Nunca falei com Ana, mas nessas paragens virtuais é muito fácil criar um simulacro de intimidade. Por isso acredito que não seja tão inoportuno usar a palavra “conheci” ao me referir à jovem poeta paranaense, já que ocorreu no espaço das redes sociais o primeiro contato entre nós. Na milimétrica restrição dos poucos caracteres, Ana tinha o traquejo certo de aliar concisão com boa pontaria. Sempre publicava algo certeiro.

Leitor com certa caminhada, percebi ali o germe de uma criação maior. Não me enganei. Não demorou muito tempo para que eu lesse eventuais poemas surgindo aqui e acolá, então os primeiros livros — “Relógio de Pulso” (2011) e “Não Conheço Ninguém Que Não Seja Artista” (2015) —, e as aparições em antologias. Mas não nunca falei com Ana. Me fiz apenas de crítico exercendo o papel de observador à distância de um talento patente, que valia a pena acompanhar a evolução. “Preocupações”, terceiro título da poeta e publicado pela editora Macondo em 2019, é a confirmação plena dessa ascensão.

Ao leitor que espera floreios, belezas lisas, muitas cores e poemas edificantes, não encontrará cá neste trabalho de Guadalupe quaisquer desses elementos. O que impera nos poemas é a generosa resignação consciente de sua própria condição.

Existe um certo ambiente fixo de melancolia e tristeza que costura a trama dos versos e alinha os poemas numa exposição límpida dessa condição solitária do existir: a eterna transitoriedade do nomadismo urbano, os amores que não acontecem, os que acontecem mas não criam raízes, o contato que precisa ser cortado, o funeral de si onde quase ninguém vai, o primeiro encontro onde o papel do beijo foi exercido pela terceira pessoa da trindade, os afastamentos e aproximações, as oscilações da felicidade, que se torna refém da ansiedade do espaço vazio e das caixas de mudança que nunca são desfeitas.

Ana Guadalupe, poeta paranaense: no seu mais recente livro, “Preocupações”, demonstra sua profunda capacidade da observação poética da vida | Foto: Facebook

A constante mudança de tudo, talvez seja essa uma das linhas responsáveis pelo emaranhado coeso da poesia de Guadalupe. A poeta não se ocupa com o excesso, os versos têm suas próprias formas de filtrar apenas o essencial e nos expor somente o necessário. É a sobriedade que norteia o quadro inteiro de “Preocupações”.

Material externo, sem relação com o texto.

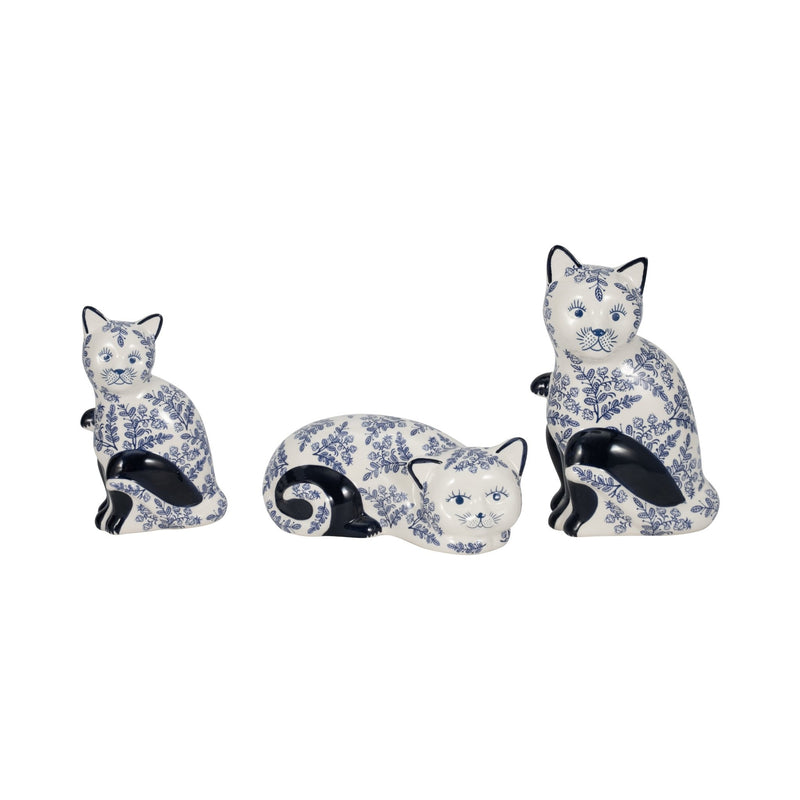 CER, 10" SITTING CHINOISERIE CAT, BLUE/WHITE - Al Rugaib Furniture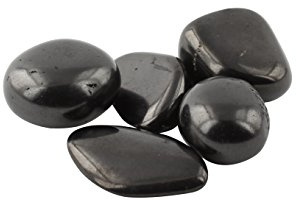 Heka Naturals Shungite Tumbled Stones | 50g - Water Purification, Detoxification, Mineralization, Healing Crystals, Feng Shui & Reiki Decor - Zen Garden Embellishment, Aquarium Decor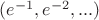 $(e^{-1}, e^{-2}, ...)$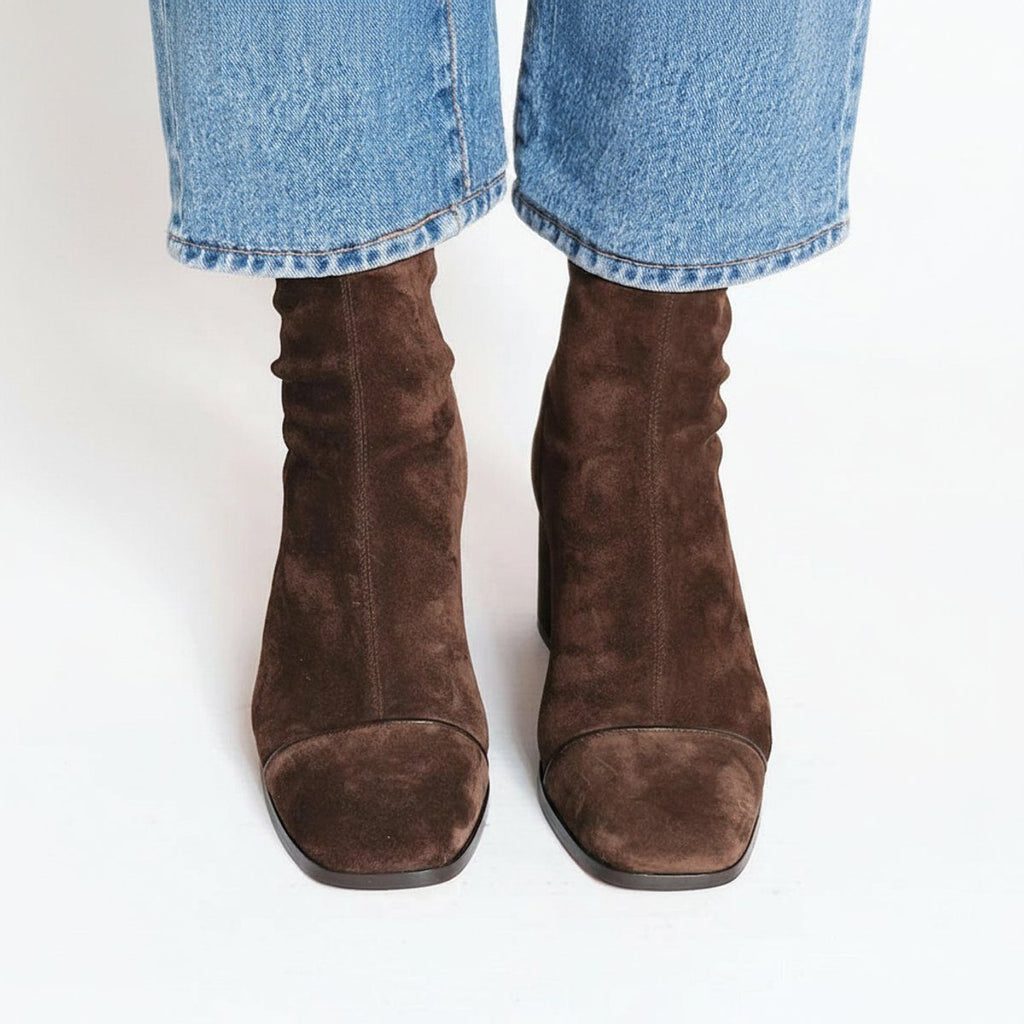 Brown suede square toe ankle boots, side view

O título da obra também cumpre o papel de revelação quando nos debruçamos a analisar o livro. São diversas as preocupações da poeta: expor o que sente (“minha dor eu preciso/apresentar ao público/antes que desapareça”); com o dinheiro curto (“por quanto tempo/ terei dinheiro para viver nesta cidade/ antes que pese demais o medo/ e o medo me roube a energia?”); com a insuficiência das palavras (“a palavra não basta/ a palavra não dá nada em troca/ por isso vivemos preocupados”).

A preocupação dá o tom, mas nunca explícito, porque sutil. A sutileza estrutura-se como um caminho oportuno de seguir na tentativa de encontrar algumas chaves de leitura do livro, mas lhe alcançar é uma luta vã: a efemeridade na abordagem de Ana Guadalupe se apresenta em poemas cuja porosidade não é de simples captura. Nisso também repousa a beleza de “Preocupações”.

Se existe um resignado pessimismo (“às vezes dá na mesma/ viver antes ou agora”), o humor silencioso, sem a necessidade de sinalização (“que alegria/ bater os dentes/ no seu carinho que cresce”), também encontra no livro sua guarida.

Até mesmo um involuntário diálogo com nossos tempos de pandemia ecoa no ingenuamente profético “não haverá passeio” (“hoje não me convidaram para nenhum passeio/ nem amanhã/ nem amanhã”).

Na poética de Guadalupe a sobriedade reina ao conseguir manejar as emoções de forma que o medo — da vida, dos amores, do quarto escuro, da proximidade da infelicidade —, a paranoia, o desgaste da vida social, e as agruras dos gritos introspectivos possam ser expressos sem que sejam esgotados ou aprisionados em fórmulas reducionistas.

Termina-se “Preocupações” sem muitas esperanças para dias de luzes e sem saber “o que vai enfim destruir a dureza”, mas há uma certeza: Ana Guadalupe se sedimenta como uma das mais interessantes vozes da nova poesia brasileira.